Illustrative of the cultural confabulation and communal delusions that Atlanta residents term as their way of life are the lives, fates, and legacies of two famous residents of the city, Blind Willie McTell and Margaret Mitchell, both of whom resided there in overlapping intervals during the first half of the twentieth century.

I first heard the music of Blind Willie McTell in the mid-sixties, when in tow of my father, I visited friends of his who comprised the half-dozen or so members of Atlanta's "beatnik" community.

They were flopped in a run-down mafia-owned building at the intersection of Peachtree and Tenth Street, bizarrely enough, in the building that contained the apartment that Margaret Mitchell had christened "The Dump,” the location where she had conceived and written Gone With The Wind.
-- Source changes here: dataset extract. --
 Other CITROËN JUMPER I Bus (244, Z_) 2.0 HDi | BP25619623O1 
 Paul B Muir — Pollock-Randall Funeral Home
On a battered record player belonging to the building's resident manager, the late Bud Foote—a professor at Georgia Tech, author, poet, musician, and all around Beat polymath—spun rare and exquisite LPs. It was at The Dump where I first heard the works of Mctell and other blues, folk, and jazz greats. The building was located a short distance from where, according to local bohemian lore had it (all seven of them), an aging McTell used to busk for change from redneck Babbits and country-come-to-town parvenus, shortly before he gave up playing the blues and took up lay preaching and gospel music.

The Margaret Mitchell House, as it has been subsequently dubbed by the Atlanta Tourism Board, is now a city landmark. Both obtuse locals and gullible tourists seem oblivious to the fact that the building, thrice burned to the ground and rebuilt by the city, doesn't, in any way, shape, or form resemble the original structure where the epic racist bodice-ripper Gone With The Wind was originally hallucinated and put to page.
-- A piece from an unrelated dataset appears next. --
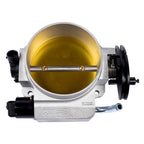 Throttle Body Assembly with TPS & IAC Sensor for Chevy LSX LS1 LS2 LS6 (2000–2009)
Not far down the road exists a bar named Blind Willy's, a place that, on any given night, is populated by the sort of folks, who, had they lived in McTell's era, would have ignored or spat upon him when he was busking on Ponce De Leon Avenue.

The ironies of Atlanta are impenetrable when there are dollars to be made from the creation of a safe, business-friendly and false mythology out of the stuff of the city's racist and tawdry history.

The progeny of Margaret Mitchell, now news-writers and producers at Atlanta’s CNN headquarters, will continue to contrive the spurious narratives of our times with storylines that are about as accurate as the one their forbearer confabulated within the pages of Gone With The Wind regarding the Civil War-era American South. Both tales are vain, shallow, narcissistic, self-serving spectacles filled with inane, melodramatic mélanges shot through with cultural clichés, reality-denying rationalizations, and pulp novel devices that serve to mask the realities of brutal classism, blood-drenched racism, and wars waged on behalf of a corrupt ruling class.